Giving someone a Christmas card is like saying, “Hey I spent $0.99 on this and signed it, can you throw it away for me?”
I’m not saying it’s been a while, but, the last time a girl got down on her knees for me, she showed me how to tie my shoelaces.
“I’ll take movies for $500 Alex”
Tim Burton directed this dark tale starring Johnny Depp & Helena Bonham Carter
“You gotta be kidding me”
“People want to drink a panic attack.” — inventor of 5 Hour Energy
[breakfast]
Her: Ugh. Dropped an egg.
Me: You could just say you’re ovulating, you know.

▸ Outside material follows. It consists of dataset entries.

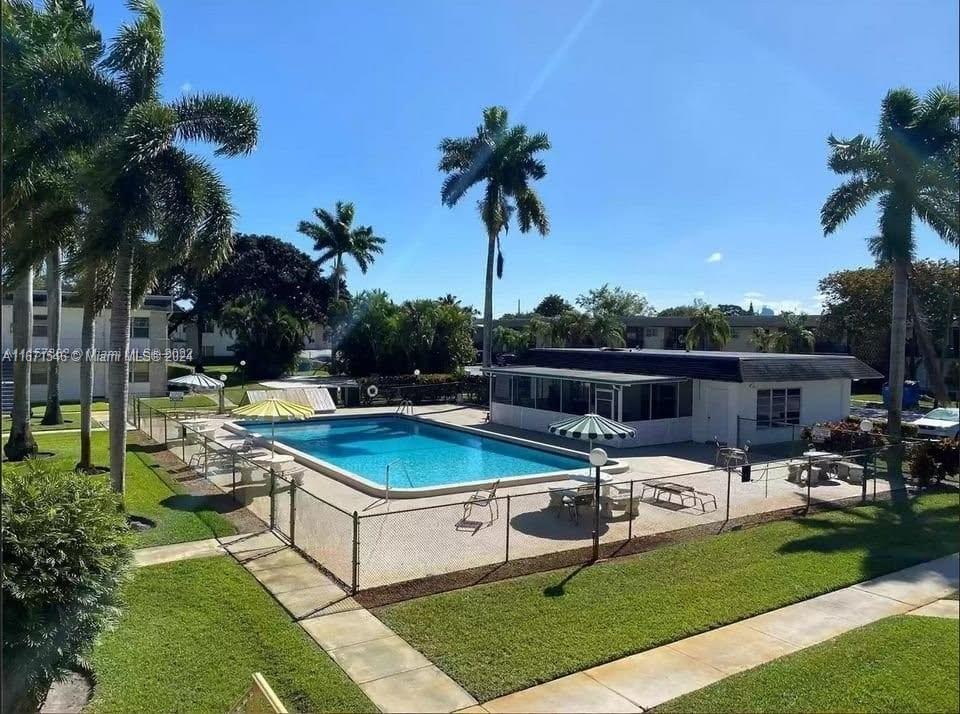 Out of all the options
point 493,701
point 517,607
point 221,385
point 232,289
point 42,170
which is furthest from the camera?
point 232,289

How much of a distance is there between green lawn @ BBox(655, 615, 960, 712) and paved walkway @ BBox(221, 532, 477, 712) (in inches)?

*holding cardboard sign by intersection*
NOT POOR JUST ON MY WAY TO BREAK DANCING SCHOOL
Despite my rock and roll lifestyle, I’m pretty sure I’m going to die via punctured gums from a tortilla chip.
if the moon landing really happened then where did the moon land?? i don’t see it anywhere you think you’d notice it i mean it’s at least 5, 6 feet wide
BABY COW: [points at human] What’s that?